I had to go through something like this many years ago. First make a list of everything that is still yours. Contact her with the list and inform her that if she does not let you retrieve your belongings in 48 hours you will contact the police and report them stolen. If she still does not let you in to get the stuff, call the police. They will come and perform a civil (forgot exactly what it is called) something or other and escort/observe while you retrieve your stuff, in which she may even be arrested/charged. Normally the official threat of that in the first place works.


----------



## SnappingShark (Jun 20, 2014)

EVERYTHING through a lawyer. EVERYTHING.

yeah it'll cost you more, but it'll cost you even MORE if you don't.


----------



## JacaRanda (Jun 20, 2014)

sm4him said:


> robbins.photo said:
> 
> 
> > CAP said:
> ...




My thoughts exactly (still have not read the rest of your post).  

Do not contact her directly for anything until you can get into court.  Do it all through your lawyer if you have one.


----------



## sm4him (Jun 20, 2014)

BrightByNature said:


> EVERYTHING through a lawyer. EVERYTHING.
> 
> yeah it'll cost you more, but it'll cost you even MORE if you don't.



^THAT. So very, very much, THAT.

Seriously, you don't have kids with her do you? That would change things, but if there are no kids involved&#8230;Do. NOT. Speak. To. Her. 
Do. NOT. Write. To. Her.  By all that is good and kind in this WORLD, do not WRITE to her&#8230;not so much as a post-it note.  
Do not say or do anything in respect to her unless you have run it past your lawyer.  Because otherwise, seriously, someone who is clearly making it their choice to be this hostile, they WILL twist it, turn it and do everything possible to use it against you.

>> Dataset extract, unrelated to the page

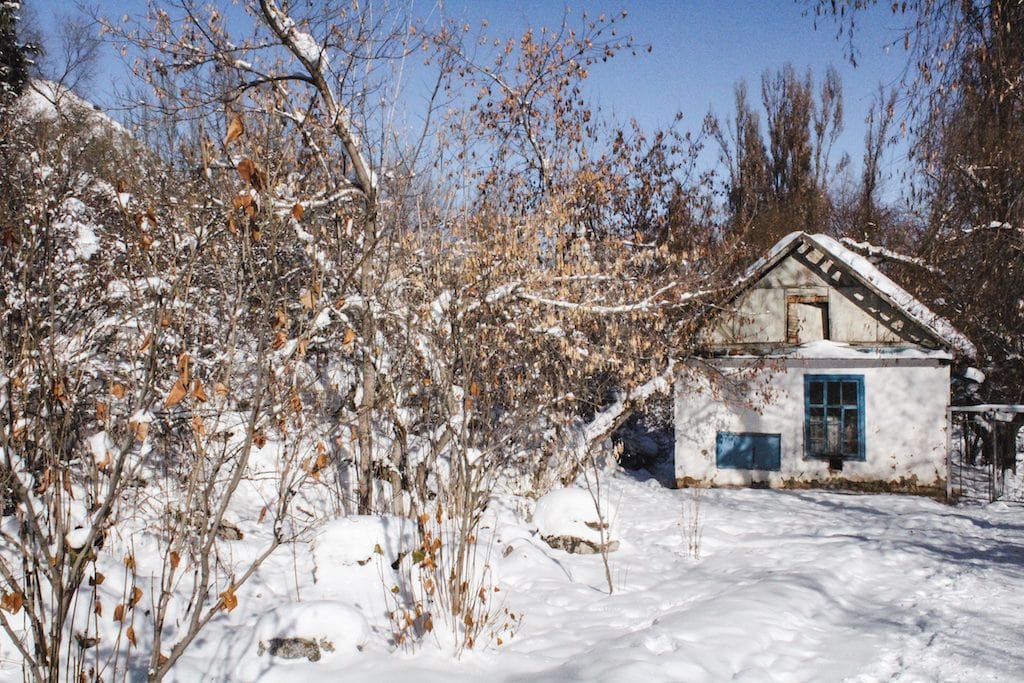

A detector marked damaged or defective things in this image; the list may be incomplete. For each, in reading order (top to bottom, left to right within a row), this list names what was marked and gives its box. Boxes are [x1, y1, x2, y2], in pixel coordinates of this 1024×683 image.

broken roof edge [728, 232, 976, 360] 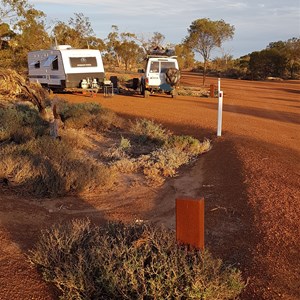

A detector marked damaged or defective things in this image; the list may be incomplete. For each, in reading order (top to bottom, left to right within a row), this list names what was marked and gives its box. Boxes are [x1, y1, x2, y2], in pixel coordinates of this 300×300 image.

rusty metal marker post [175, 198, 205, 250]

Just stay completely away from her, unless advised to contact her by your lawyer, until after this is legally resolved.  Do EVERYTHING through legal channels.


----------



## JacaRanda (Jun 20, 2014)

sm4him said:


> BrightByNature said:
> 
> 
> > EVERYTHING through a lawyer. EVERYTHING.
> ...




This should be a TPF Sticky!!!!!!!!!


----------



## tirediron (Jun 20, 2014)

sm4him said:


> BrightByNature said:
> 
> 
> > EVERYTHING through a lawyer. EVERYTHING.
> ...


Ummm... are we talking about two adults or a kindergarten class?  WHY would you pay a lawyer's exorbitant fees for something that requires nothing more than a simple telephone call/knock on the door???????


----------



## kathyt (Jun 20, 2014)

I just went through a divorce and I got all of my photog stuff. Wasn't even the slightest issue since it was my business.


----------



## JacaRanda (Jun 20, 2014)

tirediron said:


> sm4him said:
> 
> 
> > BrightByNature said:
> ...



No way, it's not that simple at all. Too often people do not act anything like adults when going through a divorce. 

Sharon's advice is right on point with almost every divorce I can think of. This thread damn near gives me flashbacks .....glad I can almost laugh now 

Haaaa, not counting Kathy's of course


----------



## shefjr (Jun 20, 2014)

As an aside, I'm sorry to hear you are getting a divorce and things have gone so venomous. It always makes me feel bad when I hear people are splitting. :/ I hope when the dust settles that you are both at least happier.


----------



## JacaRanda (Jun 20, 2014)

tirediron said:


> sm4him said:
> 
> 
> > BrightByNature said:
> ...



It would be nice if two adults did not need lawyers to get a divorce from the get go.


----------



## tirediron (Jun 20, 2014)

JacaRanda said:


> tirediron said:
> 
> 
> > sm4him said:
> ...


Why would you? The law's not a secret. Everything one needs to know is plainly and freely available from a multitude of sources. Acting like spoiled children who need their mommy to referee doesn't make anything better.


----------



## JacaRanda (Jun 20, 2014)

tirediron said:


> JacaRanda said:
> 
> 
> > tirediron said:
> ...



I'm with you.  No need whatsoever.  I ended up just as angry with my lawyer as I was with the ex before we even got to court.  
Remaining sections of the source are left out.